Roth: Die Kapuzinergruft

Roth kapuzinergruftUnter allen untergegangen Imperien der europäischen Geschichte ist wohl die Habsburgermonarchie die melancholischste. Einst als das das staatliche Gebilde der Österreicher, Ungarn, Slowenen, Kroaten, Serben, Polen, Slowaken, Tschechen und Bosniaken das Bollwerk gegen den Ansturm der Osmanen, hatte sie sich im 19. Jhdt., der Epoche eines chauvinistisch aufbrechenden Nationalismus,  auf eine schreckliche Weise überlebt – um dann im Ersten Weltkrieg wie ein morsches Kartenhaus zusammenzubrechen. Niemand weinte der k. u. K. Monarchie eine Träne nach, als auf ihren Trümmern die kleinen egoistischen Nationalismen zusammenrafften, was zu kriegen war. Niemand? Doch, Joseph Roth, der große Literat aus dem multinationalen Galizien, hat in seinen Büchern immer aufs Neue den Geist „Kakaniens“ beschworen, in dem die Völker unter einem alten Kaiser wie Brüder zusammenleben konnten.

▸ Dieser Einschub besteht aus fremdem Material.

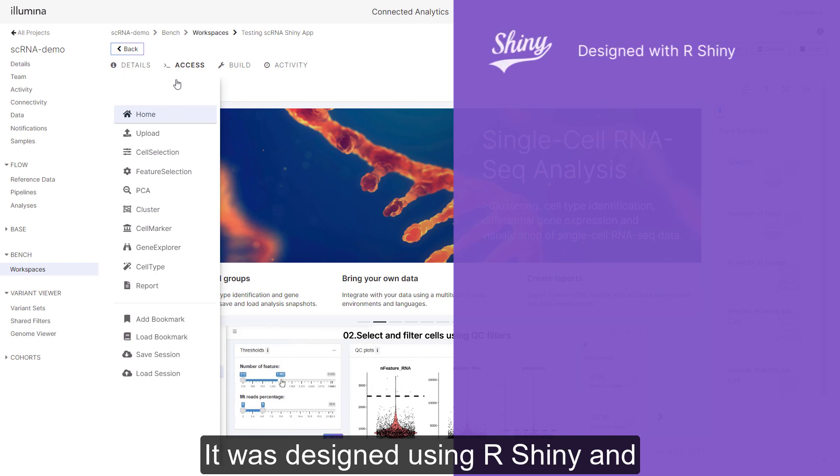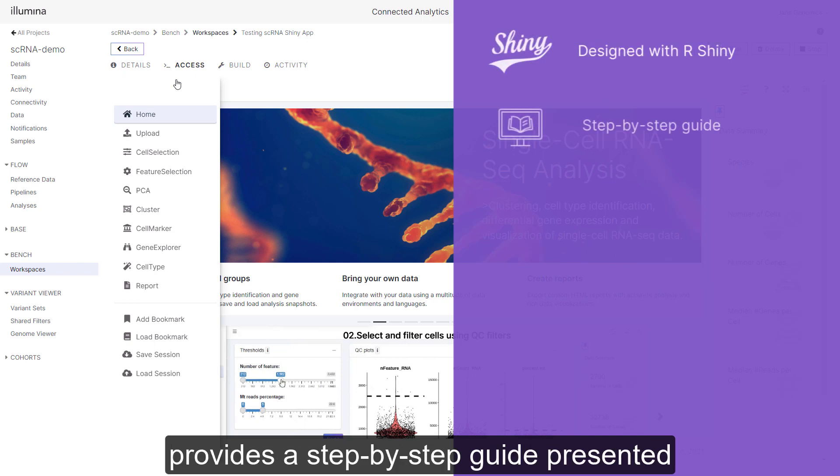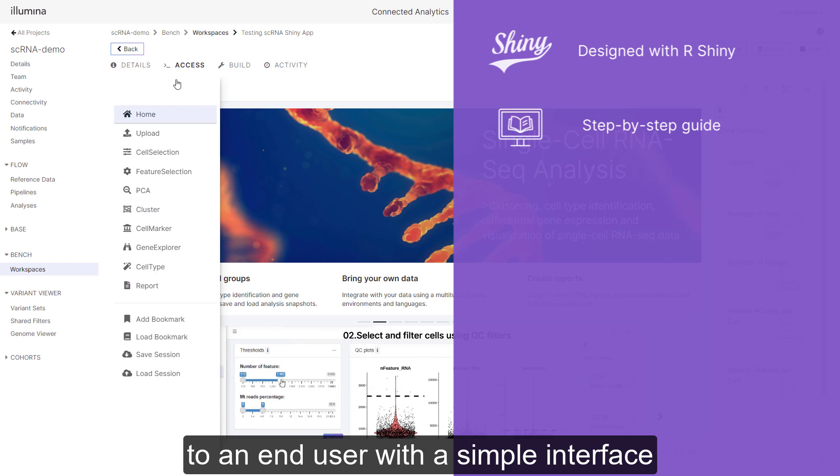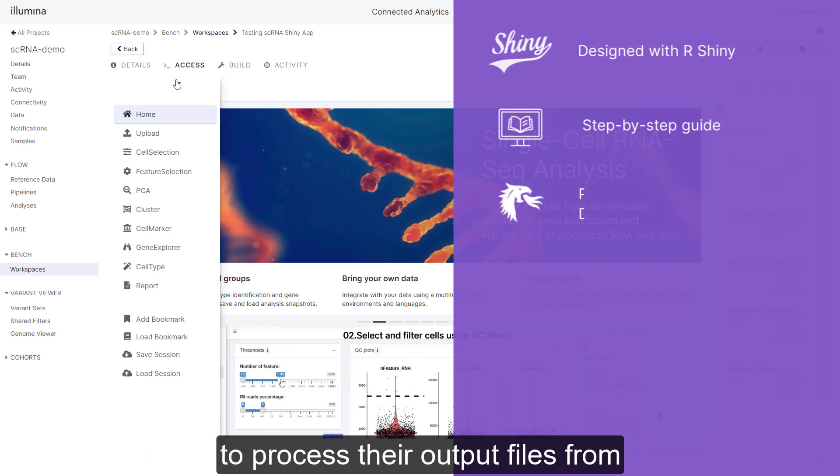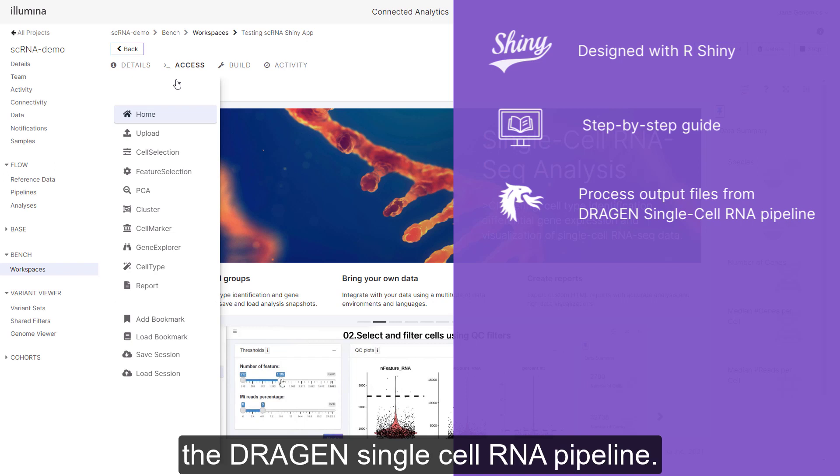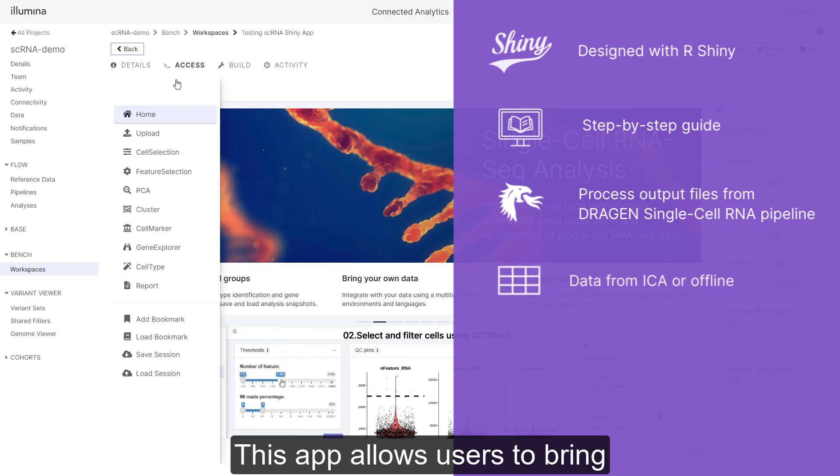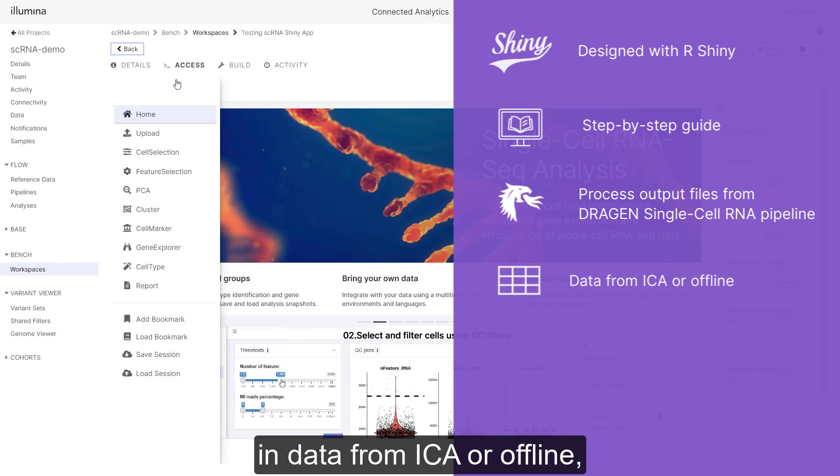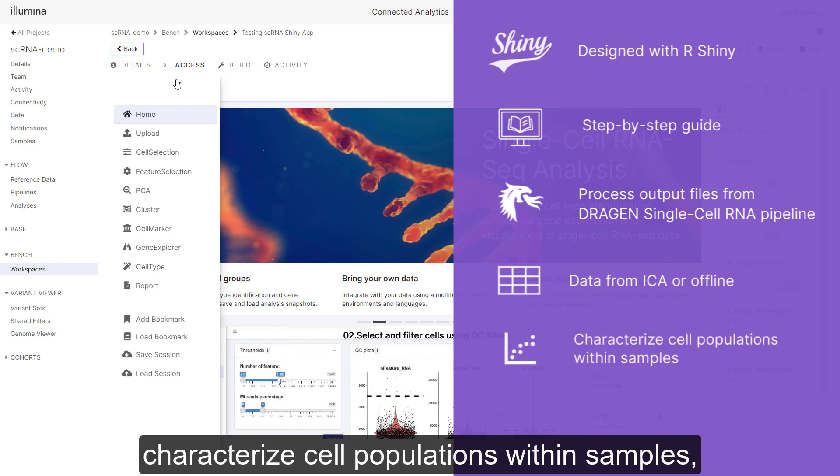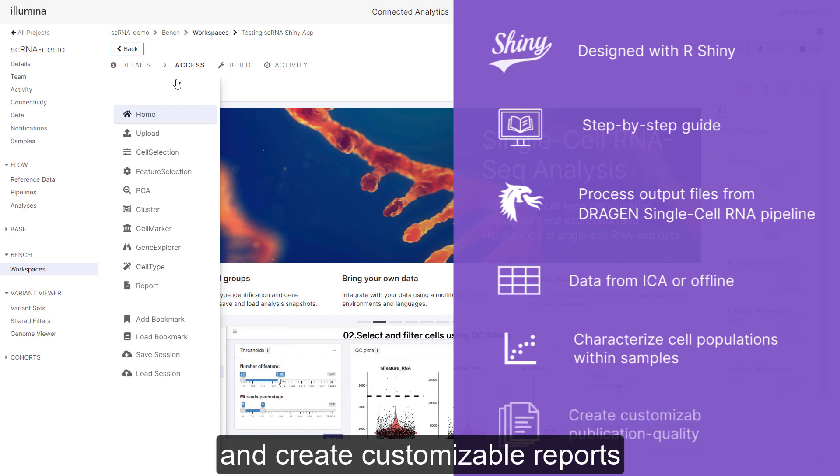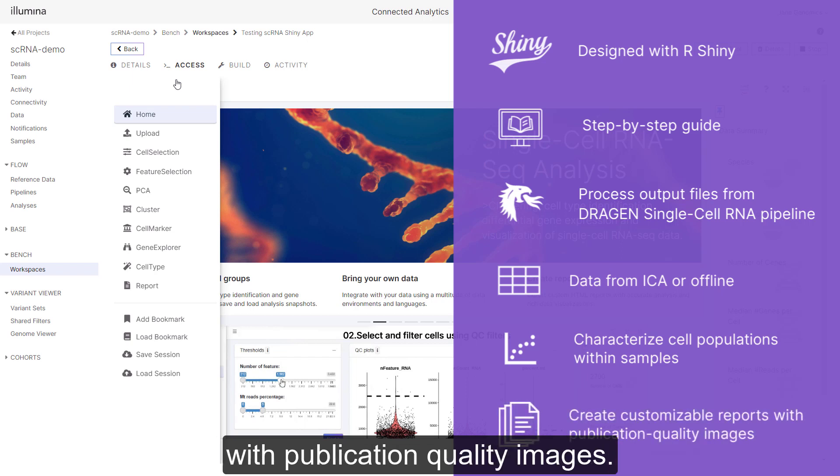It was designed using R Shiny and provides a step-by-step guide presented to an end user with a simple interface to process their output files from the Dragon single cell RNA pipeline. This app allows users to bring in data from ICA or offline, characterize cell populations within samples, and create customizable reports with publication quality images.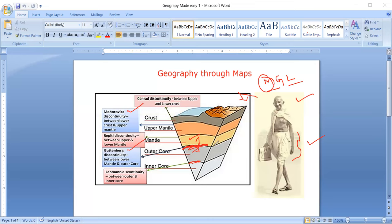To review these layers and discontinuities, I explained using the MGL code name - Mahatma Gandhi wearing Langot. M for Mohorovic, which divides the crust and upper mantle. Second comes Gutenberg, which divides the outer core and mantle.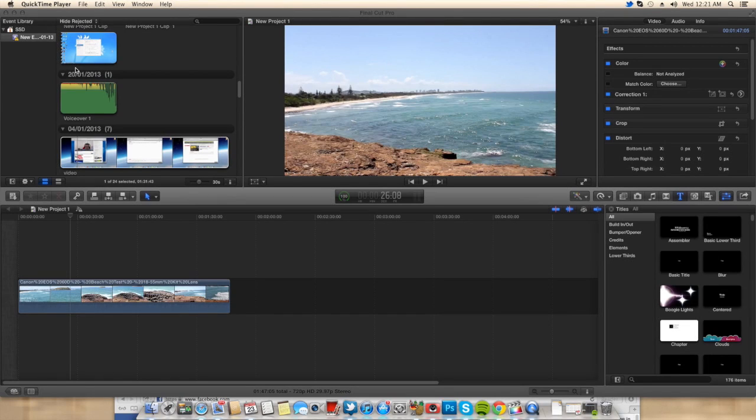Hey guys, what is up? My name is Cain and today I'm going to be showing you how to add a freeze frame to any of your Final Cut Pro X projects. So stay tuned.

Auch das vorliegende Buch, die Fortsetzung von „Radetzkymarsch“, ist eine Liebeserklärung an das untergegangene Reich, an seine  jene Gemeinsamkeit der Kaffeehäuser, der Bahnhöfe die „wie träge Katzen in der Landschaft liegen“ (S. 46), der Landschaft und des Menschenschlages. Aber das Buch beschreibt auch, wie über der gedankenlosen Wiener Jugend der Vorkriegszeit der Tod bereits seine Arme ausstreckt, um seine Mission dann im „Weltkrieg“ zu vollstrecken – „Weltkrieg“ übrigens nach Roths Leseart deswegen, weil durch ihn eine ganze Welt zugrunde ging. Der junge Trotta, ein verwandter jenes Leutnant Trotta, dessen Geschichte wir im „Radetzkymarsch“ verfolgt  haben, repräsentiert nur noch einen Schatten des ruhmreichen kaisertreuen slowenischen Geschlechts, sein Vater ist tot, seine Mutter verknöchert und seine Liebe zur zickigen Elisabeth angekränkelt von Ungewissheit und Dekadenz. Alle Figuren des Buches besitzen etwas eigentümlich Zögerliches, als wüssten sie, dass sie an einem Abgrund ständen und dass jeder weitere Schritt sie in die Tiefe reißen würde. Um die Wahrheit zu sagen: auch das Buch selbst besitzt etwas Fragmentarisches, denn es ist deutlich zu merken, dass den Autor im zweiten Teil des Buches nach dem Untergang der Monarchie die Lust verlässt. Für die Beschreibung der neuen Zeit mit ihren Kommunisten, Geschäftemachern und Umsturzversuchen fehlt dem Autor  ganz offenbar das Interesse. Die Epoche der „Gutrassigen“ bricht an, jener “Mischung aus internationalem Tennismeister und lokal zu fixierendem Rittergutsbesitzer mit einem leichten Einschlag von Ozean und Reederei.“(S. 146). Die neue Ideen, dass sich das Volk selbst regieren solle, kommt dem alteuropäisch geprägten  Autor ein wenig so vor, als wolle eine Frau mit sich selber schlafen um schwanger zu werden (S. 181)  Dem vereinsamten Trotta bleibt am Ende nur noch, durch die kalten Straßen Wiens zu laufen und in der Kapuzintergruft „das Grab meines Kaisers Franz Joseph“ zu besuchen. Ein Buch voller Melancholie über ein gescheiterten Stück einstmals vereintem Mittelosteuropa, dessen Wiederauferstehung wir hoffentlich in unseren Tagen miterleben dürfen.